The partial pack was huddled together on Derek's front porch, trapped between the two. They could have gone inside, but then they'd have been boxed in even more than they were. It would have been Kate all over again. Derek and Erica tried to keep Stiles behind them, while Scott and Boyd watched the flanks. Just then, Stiles would have given anything for the rest of them, for Jackson and Isaac and even Lydia, who would never find her grace if Stiles had anything to say about it, but they were in town. Even if Derek howled they wouldn’t get there in time.

Four werewolves and a demon should have been able to take on a pair of hunters, but they'd gotten weak. They were too close, too worried about others getting hurt to even save themselves. It froze them all, made them unable to act.

"Don't tell me you don't know," Dean mocked.
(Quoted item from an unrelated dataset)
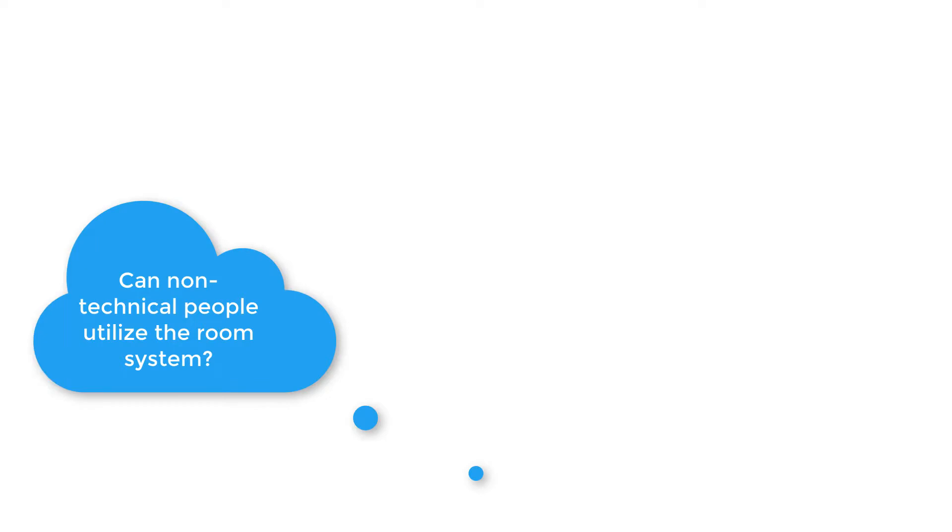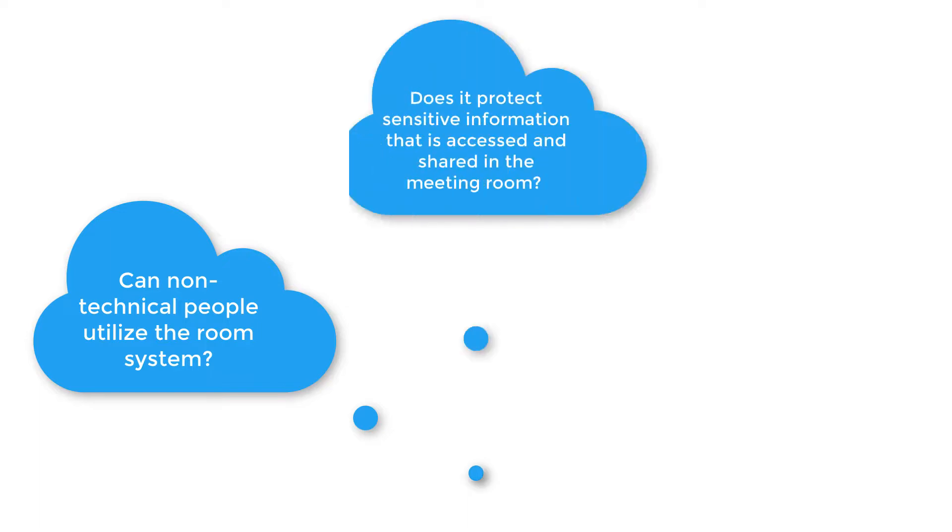A few critical areas are now driving consideration for meeting room solutions. One: can normal non-technical people utilize the room system? Is it intuitive enough for them to be comfortable trying the system and ultimately become familiar and comfortable with it? Two: does it protect sensitive information that is accessed and shared within the meeting room?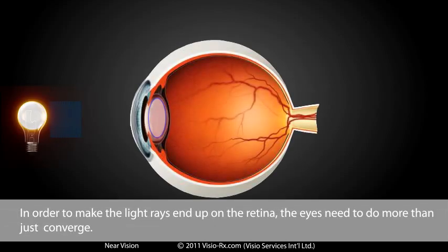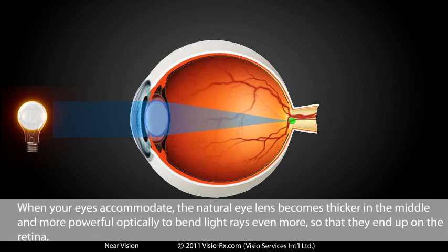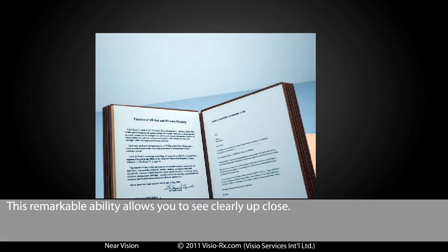In order to make the light rays end up on the retina, the eyes need to do more than just converge. When your eyes accommodate, the natural eye lens becomes thicker in the middle and more powerful optically to bend light rays even more so that they end up on the retina. This remarkable ability allows you to see clearly up close.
His shotgun wavered an inch, but not enough to take it out of the threat zone. "You think we haven't been watching you?"

Derek growled his denial, so absolutely certain that it was like a prayer, but the rest of the pack moved in closer. Stiles closed his eyes and leaned forward, touching his forehead to Derek's shoulder. He wanted to remember this—the smell of dead leaves and ash, limed with blood and sex and fur and everything that made the pack what it was.

Then he straightened up and let himself shine through. His eyes filmed over, coloring everything in shadows. "I've got this."

"Shut up, Sti—"

He shoved Derek out of the way, with more strength than he'd ever let the body use in front of the others. Derek was so surprised that he stumbled into Erica, who barely kept her own balance. Stiles didn't look back as he stepped down the porch steps. The expressions on the Winchester's faces were pictures—he didn't want to see what the ones behind him would look like.

"Alright," he heard himself say, glib and casual, as if the body's heart weren't beating a thousand times a second and sweat wasn't dripping down his temple. "You've got me. Let the wolves go. They're good kids, they don't deserve this. Not guilty of anything."

"They hang out with you," Sam accused, and that was one step too far.

"Well, aren't you the little hypocrite," Stiles hissed. With himself out in the open, he could see everything that people couldn't. The way Dean was an eviscerated husk of a person, the flayed remainder of Sam's soul. Hell left its marks like a bad tattoo artist. "I might have spent the last seventeen years holed up in this town, but don't think I haven't heard all about you and your little adventures. Nothing travels like gossip."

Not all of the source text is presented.